Well, "celebrity" is in the eye of the beholder, I guess, but Phil Plait is an astronomical celebrity. Besides several books, including his breakout "Bad Astronomy" where he debunks many astronomical myths and misconceptions, he also writes a daily blog called "Bad Astronomy" for Slate.
he wrote a post about taking a short video clip of the sun, and from the appearance of the contrail, surmised he had just missed the jet crossing the sun's disk. I sent him an e-mail telling him if he wanted to see a real catch, to check out Melinda's image of an F-18 crossing the sun taken moments before the annual solar eclipse in May of 2012 at the Grand Canyon. That image, shown here, blew his mind - his response: "That. Is. Amazing. ", and wanted to use it in his blog. So today, Melinda got her shout-out on the Bad Astronomy blog. Of course, we had blogged about that shot when it was first taken - Melinda was doing some test shots with a 210mm focal length zoom, and by luck just happened to catch it. The shot is a full-resolution crop, because that focal length doesn't provide much image size, but the 1/2000 second exposure froze the jet's motion for a great shot...

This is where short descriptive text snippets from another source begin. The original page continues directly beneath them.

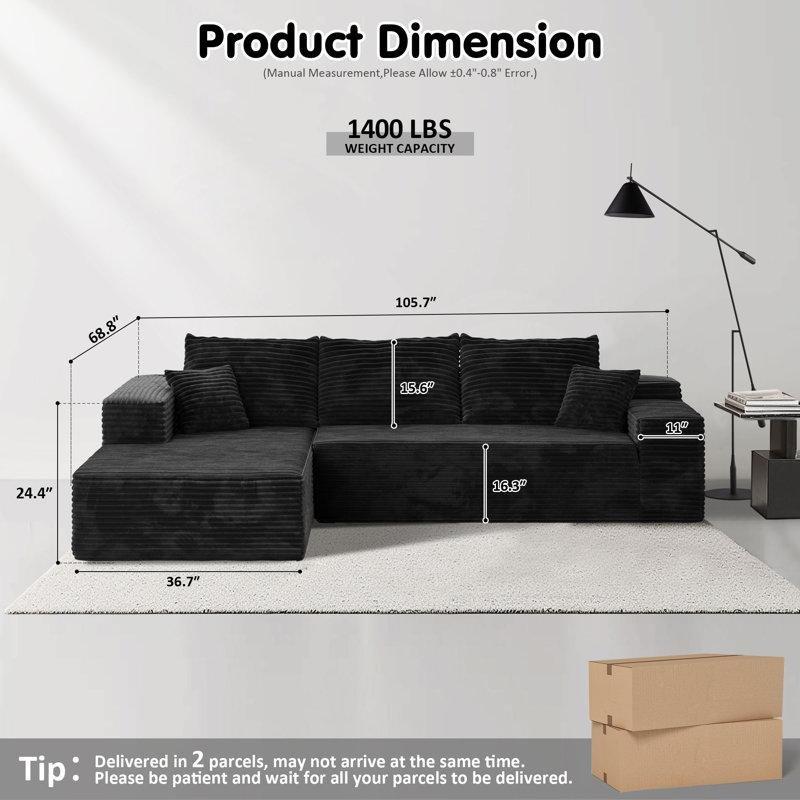 Siyah Fitilli Kadife Modüler Yataklı Yönü Değiştirilebilir Köşe Koltuk - 269 cm - 192701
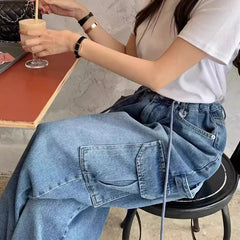 Lunivop High Street Lace-up Pleated Distressed Casual Jeans Women Summer New Korean Multi-pocket Loose Washed Denim Cargo Pants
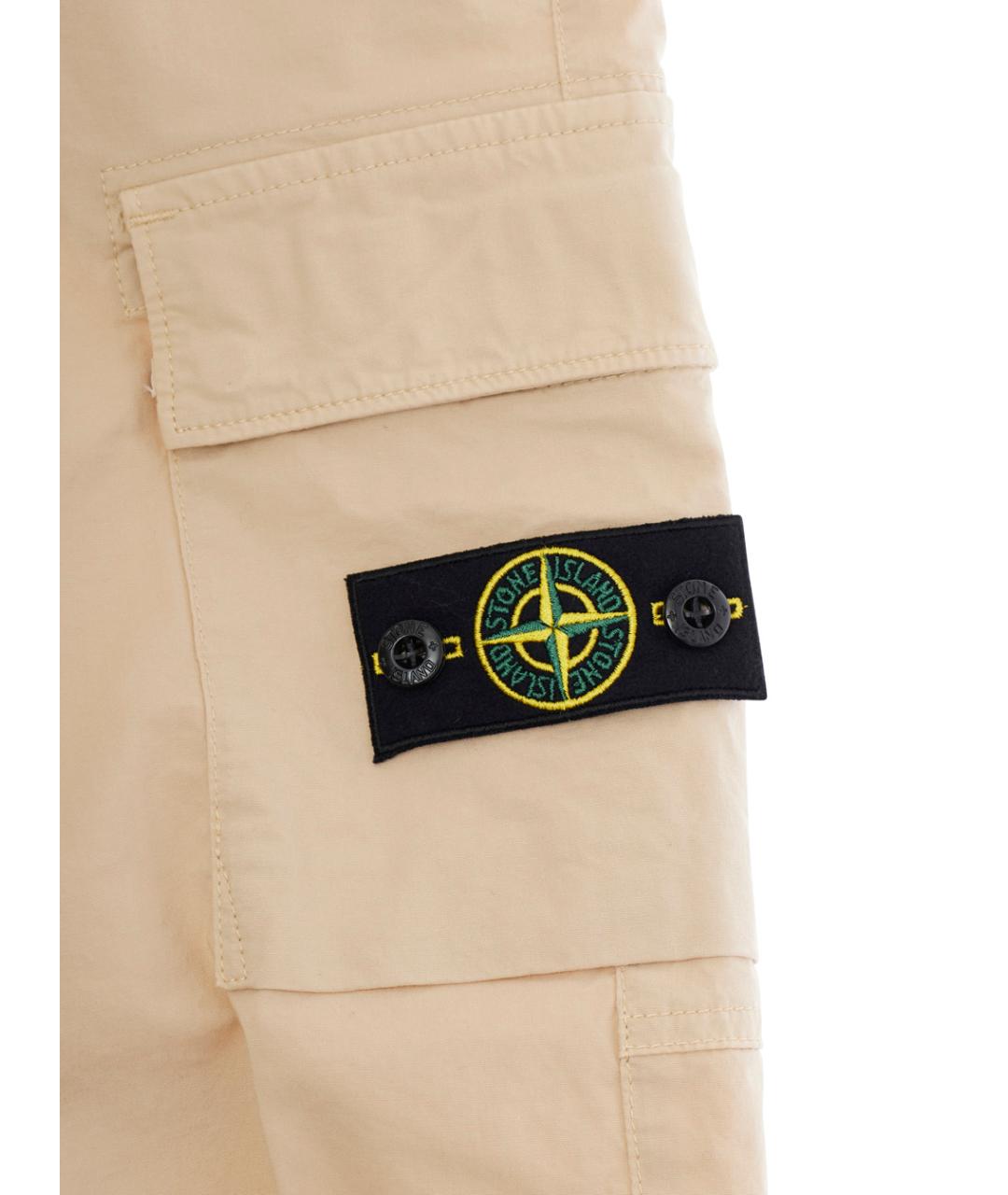 STONE ISLAND JUNIOR Бежевые хлопковые брюки и шорты, фото 3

Phil's blog on Slate is one of my daily reads. Not only does he argue against the noise against global warming and for intelligent design, but as a former teacher and scientist, explains the observations of the world he and other readers make. A recent example was refuting some YouTube yahoos saying that the recent snowfall in the Atlanta area wasn't snow because a snowball wouldn't melt, and, in fact smoked when held against a lighter! He made his own video showing that the melted snow was reabsorbed by the snowball and the smoke was from unburned hydrocarbons from the lighter. So add him to your list of daily readings and join in. Yaay Phil - get after 'em!